Tuesday, October 16, 2007

White House to Give Senate Panel Surveillance Program Documents

WP

The White House agreed yesterday to give Senate intelligence committee members and staff access to internal documents related to its domestic surveillance program in a bid to win Democratic lawmakers' support for the administration's version of an intelligence measure.

The move was meant in part to defuse a months-long clash between Congress and the Bush administration over access to legal memoranda and presidential decisions underpinning the Terrorist Surveillance Program, which allowed the government to eavesdrop without court warrants on communications between people in the United States and abroad when one of the parties is a terrorism-related suspect.

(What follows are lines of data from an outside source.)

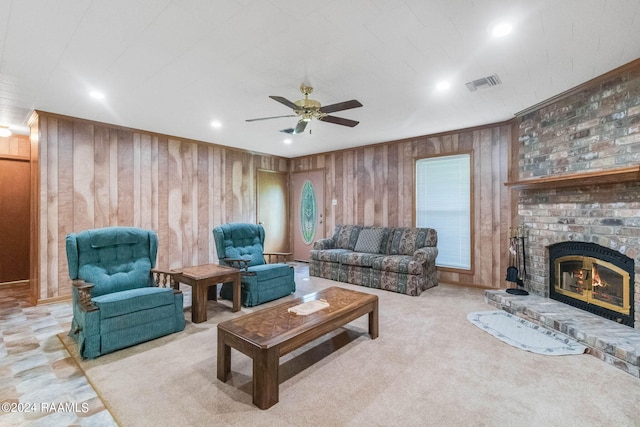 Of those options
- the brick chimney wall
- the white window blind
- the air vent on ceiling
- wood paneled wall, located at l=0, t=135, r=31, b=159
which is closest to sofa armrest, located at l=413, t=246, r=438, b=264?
the white window blind

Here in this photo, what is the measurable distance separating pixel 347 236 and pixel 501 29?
13.9ft

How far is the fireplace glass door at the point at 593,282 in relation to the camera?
290cm

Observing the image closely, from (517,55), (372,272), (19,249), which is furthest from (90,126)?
→ (517,55)

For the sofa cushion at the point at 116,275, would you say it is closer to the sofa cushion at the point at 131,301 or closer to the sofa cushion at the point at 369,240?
the sofa cushion at the point at 131,301

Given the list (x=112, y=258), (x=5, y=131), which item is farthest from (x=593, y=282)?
(x=5, y=131)

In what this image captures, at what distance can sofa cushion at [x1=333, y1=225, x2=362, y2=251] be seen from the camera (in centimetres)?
586

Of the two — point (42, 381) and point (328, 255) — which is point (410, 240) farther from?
point (42, 381)

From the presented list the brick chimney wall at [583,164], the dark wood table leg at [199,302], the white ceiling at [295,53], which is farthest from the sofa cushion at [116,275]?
the brick chimney wall at [583,164]

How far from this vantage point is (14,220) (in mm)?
5090

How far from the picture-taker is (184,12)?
202cm

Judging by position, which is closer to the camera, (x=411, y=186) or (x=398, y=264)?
(x=398, y=264)

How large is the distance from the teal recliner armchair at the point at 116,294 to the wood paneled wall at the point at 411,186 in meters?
3.90

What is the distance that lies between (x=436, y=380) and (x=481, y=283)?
122 inches

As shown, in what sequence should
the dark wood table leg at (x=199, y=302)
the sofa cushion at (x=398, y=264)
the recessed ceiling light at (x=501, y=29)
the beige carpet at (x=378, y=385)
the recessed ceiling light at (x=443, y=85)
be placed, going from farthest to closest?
the sofa cushion at (x=398, y=264) → the dark wood table leg at (x=199, y=302) → the recessed ceiling light at (x=443, y=85) → the recessed ceiling light at (x=501, y=29) → the beige carpet at (x=378, y=385) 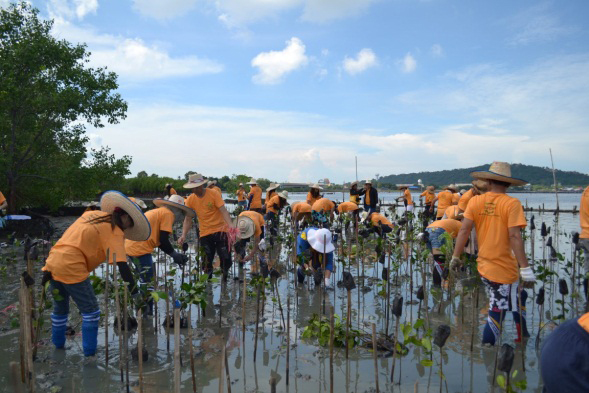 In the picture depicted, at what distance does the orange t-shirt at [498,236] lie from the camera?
4.20 metres

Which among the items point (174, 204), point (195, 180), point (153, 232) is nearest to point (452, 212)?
point (195, 180)

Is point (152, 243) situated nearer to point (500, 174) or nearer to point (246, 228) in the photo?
point (246, 228)

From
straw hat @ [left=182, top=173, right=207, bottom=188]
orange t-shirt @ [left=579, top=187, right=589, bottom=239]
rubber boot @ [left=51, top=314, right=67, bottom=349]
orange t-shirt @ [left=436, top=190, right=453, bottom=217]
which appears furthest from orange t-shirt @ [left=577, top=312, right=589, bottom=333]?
orange t-shirt @ [left=436, top=190, right=453, bottom=217]

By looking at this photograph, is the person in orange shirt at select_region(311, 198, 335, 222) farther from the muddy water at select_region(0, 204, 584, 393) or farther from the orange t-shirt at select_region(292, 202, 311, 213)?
the muddy water at select_region(0, 204, 584, 393)

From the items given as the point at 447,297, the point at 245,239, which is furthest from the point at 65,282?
the point at 447,297

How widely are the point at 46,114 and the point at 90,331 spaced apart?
13.0 m

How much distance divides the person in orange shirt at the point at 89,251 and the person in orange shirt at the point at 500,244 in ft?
10.9

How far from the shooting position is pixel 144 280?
5586 mm

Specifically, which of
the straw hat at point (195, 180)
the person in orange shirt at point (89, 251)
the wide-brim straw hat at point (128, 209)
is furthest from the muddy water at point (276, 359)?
the straw hat at point (195, 180)

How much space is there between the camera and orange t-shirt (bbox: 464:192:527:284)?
420 centimetres

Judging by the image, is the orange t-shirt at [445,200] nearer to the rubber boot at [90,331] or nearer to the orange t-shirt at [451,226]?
the orange t-shirt at [451,226]

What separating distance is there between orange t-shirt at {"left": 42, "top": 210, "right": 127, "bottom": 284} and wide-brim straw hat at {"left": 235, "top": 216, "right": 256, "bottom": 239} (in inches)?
121

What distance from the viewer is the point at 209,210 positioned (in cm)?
690

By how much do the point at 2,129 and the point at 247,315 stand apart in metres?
11.9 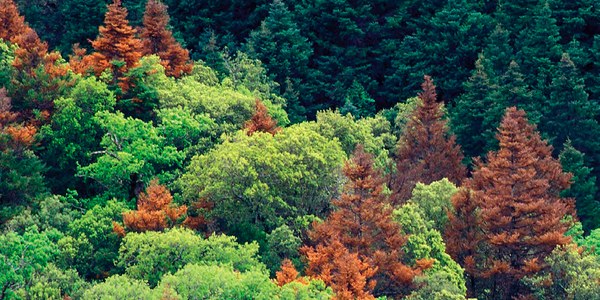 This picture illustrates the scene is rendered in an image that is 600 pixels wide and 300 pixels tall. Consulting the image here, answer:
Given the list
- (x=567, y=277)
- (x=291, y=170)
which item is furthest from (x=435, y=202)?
(x=567, y=277)

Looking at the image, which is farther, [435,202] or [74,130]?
[74,130]

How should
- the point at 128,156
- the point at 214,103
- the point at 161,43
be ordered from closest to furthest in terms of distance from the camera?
the point at 128,156 < the point at 214,103 < the point at 161,43

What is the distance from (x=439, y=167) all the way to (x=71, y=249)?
23.2m

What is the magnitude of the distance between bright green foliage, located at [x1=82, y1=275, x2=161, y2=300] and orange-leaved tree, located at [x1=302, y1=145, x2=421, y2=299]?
7.96 metres

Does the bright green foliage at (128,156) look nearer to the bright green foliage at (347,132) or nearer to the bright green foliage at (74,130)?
the bright green foliage at (74,130)

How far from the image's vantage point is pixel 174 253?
2472 inches

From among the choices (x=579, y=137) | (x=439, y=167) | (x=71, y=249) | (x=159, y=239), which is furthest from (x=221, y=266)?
(x=579, y=137)

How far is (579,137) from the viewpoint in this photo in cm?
8094

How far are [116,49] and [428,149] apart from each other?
1889cm

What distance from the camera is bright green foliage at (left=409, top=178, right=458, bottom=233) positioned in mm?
67938

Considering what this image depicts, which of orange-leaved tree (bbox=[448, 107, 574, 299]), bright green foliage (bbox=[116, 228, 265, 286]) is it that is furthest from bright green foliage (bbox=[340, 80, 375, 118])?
bright green foliage (bbox=[116, 228, 265, 286])

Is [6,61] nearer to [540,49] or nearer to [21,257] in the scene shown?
[21,257]

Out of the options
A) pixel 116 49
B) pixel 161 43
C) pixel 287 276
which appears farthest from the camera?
pixel 161 43

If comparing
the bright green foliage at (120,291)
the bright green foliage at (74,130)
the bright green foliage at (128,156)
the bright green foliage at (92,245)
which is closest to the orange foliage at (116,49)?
the bright green foliage at (74,130) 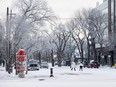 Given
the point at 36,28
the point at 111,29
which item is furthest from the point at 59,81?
the point at 111,29

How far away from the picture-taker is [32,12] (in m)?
54.3

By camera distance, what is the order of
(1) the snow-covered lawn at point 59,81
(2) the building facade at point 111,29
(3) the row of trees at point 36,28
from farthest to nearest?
(2) the building facade at point 111,29 → (3) the row of trees at point 36,28 → (1) the snow-covered lawn at point 59,81

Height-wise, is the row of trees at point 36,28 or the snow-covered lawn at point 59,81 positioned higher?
the row of trees at point 36,28

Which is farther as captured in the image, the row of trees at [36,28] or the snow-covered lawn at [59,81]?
the row of trees at [36,28]

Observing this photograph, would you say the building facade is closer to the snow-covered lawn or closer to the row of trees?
the row of trees

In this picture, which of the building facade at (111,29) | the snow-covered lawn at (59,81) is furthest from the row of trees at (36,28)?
the snow-covered lawn at (59,81)

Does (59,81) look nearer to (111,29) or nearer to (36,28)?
(36,28)

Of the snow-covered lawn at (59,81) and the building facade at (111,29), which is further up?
the building facade at (111,29)

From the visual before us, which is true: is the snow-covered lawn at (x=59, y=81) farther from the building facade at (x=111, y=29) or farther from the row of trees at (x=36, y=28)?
the building facade at (x=111, y=29)

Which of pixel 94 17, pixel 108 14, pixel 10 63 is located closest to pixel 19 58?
pixel 10 63

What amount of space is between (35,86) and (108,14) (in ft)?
239

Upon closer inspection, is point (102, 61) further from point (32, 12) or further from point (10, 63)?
point (10, 63)

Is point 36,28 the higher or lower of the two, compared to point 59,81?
higher

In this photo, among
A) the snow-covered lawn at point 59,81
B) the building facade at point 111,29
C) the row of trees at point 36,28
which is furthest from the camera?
the building facade at point 111,29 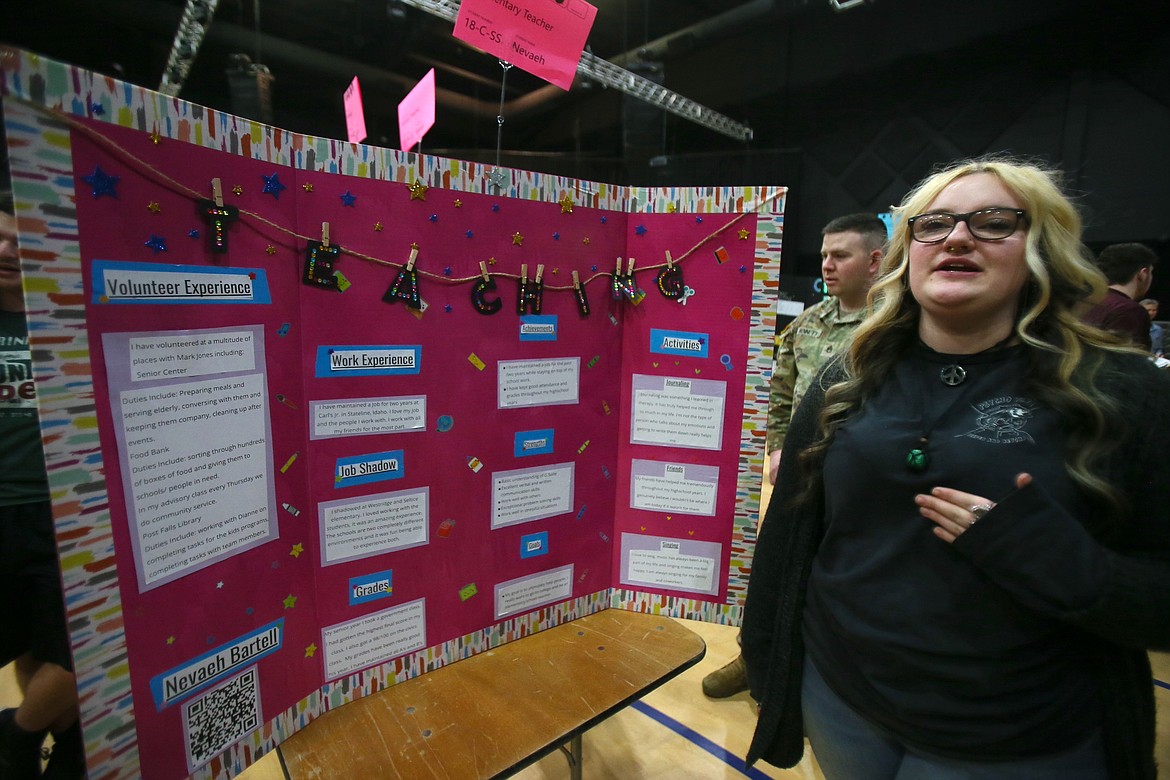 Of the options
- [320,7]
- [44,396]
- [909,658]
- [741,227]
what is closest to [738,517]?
[909,658]

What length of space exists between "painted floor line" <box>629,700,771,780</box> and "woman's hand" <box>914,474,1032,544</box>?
1.33 meters

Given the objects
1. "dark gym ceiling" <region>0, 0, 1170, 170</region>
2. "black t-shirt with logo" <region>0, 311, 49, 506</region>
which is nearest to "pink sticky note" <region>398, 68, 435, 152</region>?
"black t-shirt with logo" <region>0, 311, 49, 506</region>

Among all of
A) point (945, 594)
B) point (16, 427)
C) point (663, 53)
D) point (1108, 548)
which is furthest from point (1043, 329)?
point (663, 53)

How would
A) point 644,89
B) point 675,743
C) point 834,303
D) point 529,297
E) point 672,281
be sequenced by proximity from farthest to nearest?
1. point 644,89
2. point 834,303
3. point 675,743
4. point 672,281
5. point 529,297

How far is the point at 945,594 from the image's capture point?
34.4 inches

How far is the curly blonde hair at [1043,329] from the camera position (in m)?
0.82

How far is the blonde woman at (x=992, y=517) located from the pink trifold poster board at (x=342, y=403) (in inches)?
20.1

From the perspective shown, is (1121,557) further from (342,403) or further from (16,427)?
(16,427)

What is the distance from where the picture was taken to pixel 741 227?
4.62 feet

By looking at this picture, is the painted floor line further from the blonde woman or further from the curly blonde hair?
the curly blonde hair

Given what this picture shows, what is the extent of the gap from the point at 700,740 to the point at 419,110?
8.76 feet

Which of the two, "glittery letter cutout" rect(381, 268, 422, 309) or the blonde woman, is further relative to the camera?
"glittery letter cutout" rect(381, 268, 422, 309)

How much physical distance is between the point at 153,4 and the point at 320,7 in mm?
1174

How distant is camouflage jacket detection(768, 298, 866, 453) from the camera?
2.04 m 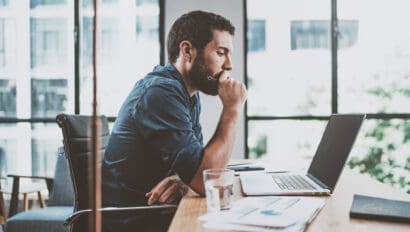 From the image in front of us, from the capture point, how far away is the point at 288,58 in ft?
13.4

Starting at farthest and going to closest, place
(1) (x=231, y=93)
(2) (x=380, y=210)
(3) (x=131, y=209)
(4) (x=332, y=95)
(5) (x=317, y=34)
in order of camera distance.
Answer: (5) (x=317, y=34), (4) (x=332, y=95), (1) (x=231, y=93), (3) (x=131, y=209), (2) (x=380, y=210)

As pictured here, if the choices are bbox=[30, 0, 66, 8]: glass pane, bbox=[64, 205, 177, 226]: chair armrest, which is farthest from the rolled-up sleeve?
bbox=[30, 0, 66, 8]: glass pane

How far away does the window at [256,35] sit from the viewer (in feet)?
13.5

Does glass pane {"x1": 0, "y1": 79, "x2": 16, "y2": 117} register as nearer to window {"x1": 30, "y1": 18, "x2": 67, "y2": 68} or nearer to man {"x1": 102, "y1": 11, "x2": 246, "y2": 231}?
window {"x1": 30, "y1": 18, "x2": 67, "y2": 68}

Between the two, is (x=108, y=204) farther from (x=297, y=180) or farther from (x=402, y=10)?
(x=402, y=10)

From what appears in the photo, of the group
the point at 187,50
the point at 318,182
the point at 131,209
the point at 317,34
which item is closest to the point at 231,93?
the point at 187,50

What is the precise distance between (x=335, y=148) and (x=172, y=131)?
0.51 meters

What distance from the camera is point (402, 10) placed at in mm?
4000

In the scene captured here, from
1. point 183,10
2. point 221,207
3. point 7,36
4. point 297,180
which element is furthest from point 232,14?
point 221,207

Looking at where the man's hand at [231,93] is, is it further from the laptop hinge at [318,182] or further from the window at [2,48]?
the window at [2,48]

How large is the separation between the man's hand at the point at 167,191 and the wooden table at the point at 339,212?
0.07 metres

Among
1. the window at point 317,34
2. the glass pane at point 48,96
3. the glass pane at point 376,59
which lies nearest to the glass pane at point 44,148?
the glass pane at point 48,96

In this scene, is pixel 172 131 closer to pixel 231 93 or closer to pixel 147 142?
pixel 147 142

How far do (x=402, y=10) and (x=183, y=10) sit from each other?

Some of the documents had been demanded by Senate Judiciary Committee members as a condition for considering the administration's nomination of former judge Michael B. Mukasey as the nation's 81st attorney general. Sen. Patrick J. Leahy (D-Vt.), the committee's chairman, dropped that condition weeks ago but said yesterday that he still wants to see the documents.

Leahy told reporters after a meeting with Mukasey yesterday that he nonetheless expects Mukasey "to be confirmed" after a nomination hearing today, at which Mukasey is to be escorted into the room by Leahy and the committee's ranking Republican, Sen. Arlen Specter (Pa.). Mukasey is to be formally introduced by Sens. Joseph I. Lieberman (I-Conn.) and Charles E. Schumer (D-N.Y.).